Gucci announced today that they're trying to address some disturbing allegations about their company's working conditions in China, which were made by former employees via an open letter published in a Chinese newspaper. WWD reports:
The state-owned Chinese newspaper Global Times reported that five employees in a Gucci flagship located in the southern city of Shenzhen wrote an open letter that outlines workplace grievances, including 100 rules that regulate employee behavior. Such rules include having to ask permission before going to the bathroom and drinking water.
The newspaper reported that the former employees also complained about long working hours without payment. One former employee told the Global Times that two of her colleagues who were pregnant had to have abortions because of standing all day on their feet. Others complained of other work-related illnesses. Employees were also upset about never receiving discount cards for Gucci products, the paper said.
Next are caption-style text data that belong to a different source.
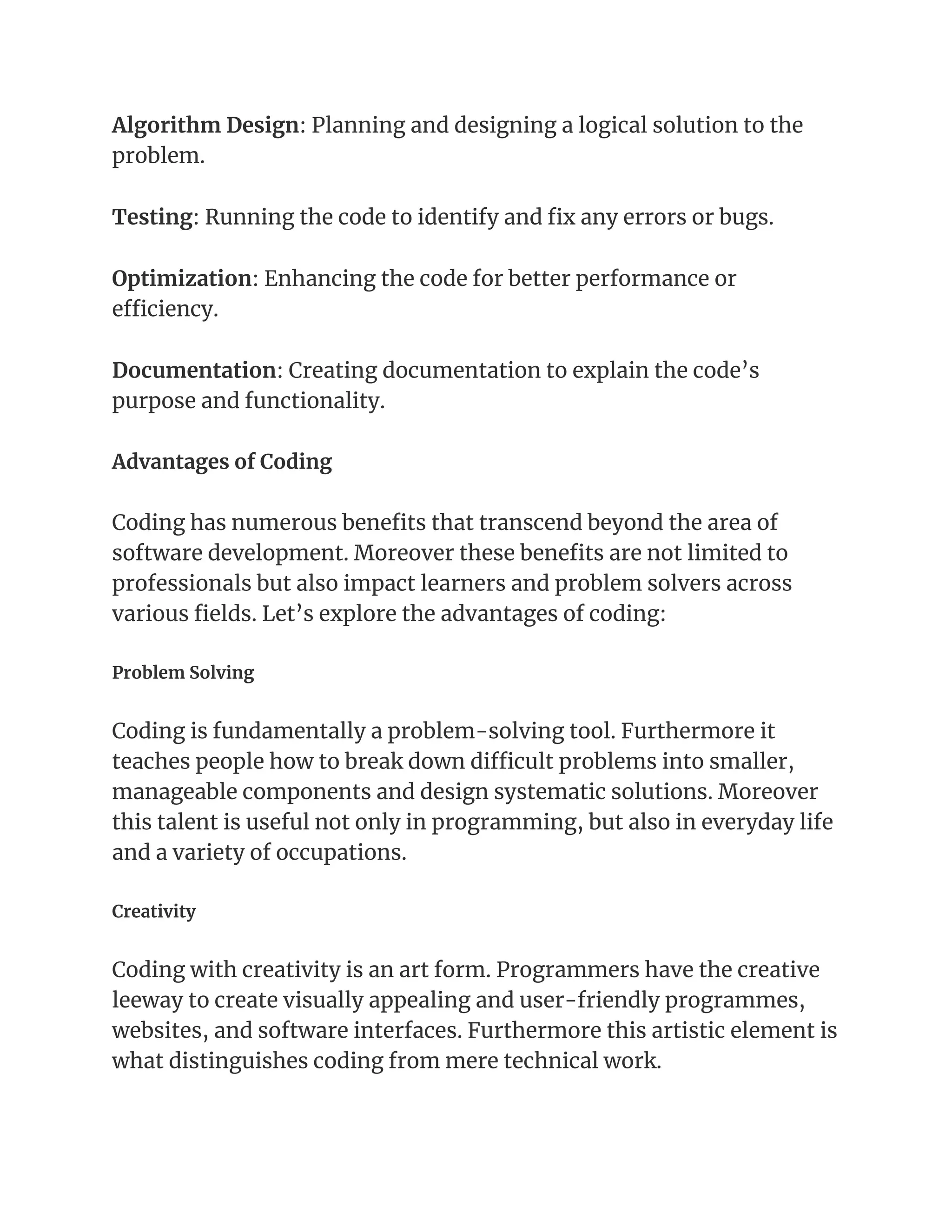 Algorithm Design: Planning and designing a logical solution to the
problem.
Testing: Running the code to identify and fix any errors or bugs.
Optimization: Enhancing the code for better performance or
efficiency.
Documentation: Creating documentation to explain the code’s
purpose and functionality.
Advantages of Coding
Coding has numerous benefits that transcend beyond the area of
software development. Moreover these benefits are not limited to
professionals but also impact learners and problem solvers across
various fields. Let’s explore the advantages of coding:
Problem Solving
Coding is fundamentally a problem-solving tool. Furthermore it
teaches people how to break down difficult problems into smaller,
manageable components and design systematic solutions. Moreover
this talent is useful not only in programming, but also in everyday life
and a variety of occupations.
Creativity
Coding with creativity is an art form. Programmers have the creative
leeway to create visually appealing and user-friendly programmes,
websites, and software interfaces. Furthermore this artistic element is
what distinguishes coding from mere technical work.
The staff is seeking a settlement of 100,000 yuan, or nearly $15,700 at current exchange rates, for overtime wages.
Gucci points out that all of the complaints come from a "small group of former employees" and has reportedly refused to pay the settlement or any of the alleged outstanding wages. However, the company did acknowledge that their Shenzhen outpost was "mismanaged," and they've since replaced the senior management and the assistant store manager. They also set up a "confidential communications channel between sales staff and senior management" and reevaluated their store management training. Per a statement from the company:
Gucci has proactively engaged external consultants to conduct a comprehensive review to support ongoing actions that can enhance our organizational structure, the welfare and training of our people, talent recruitment and retention and other business practices in China.
It's worth noting that these complaints come from employees in a retail store, not a factory; if employees are mistreated in a visible setting surrounded by customers, one can only imagine what factory conditions must be like.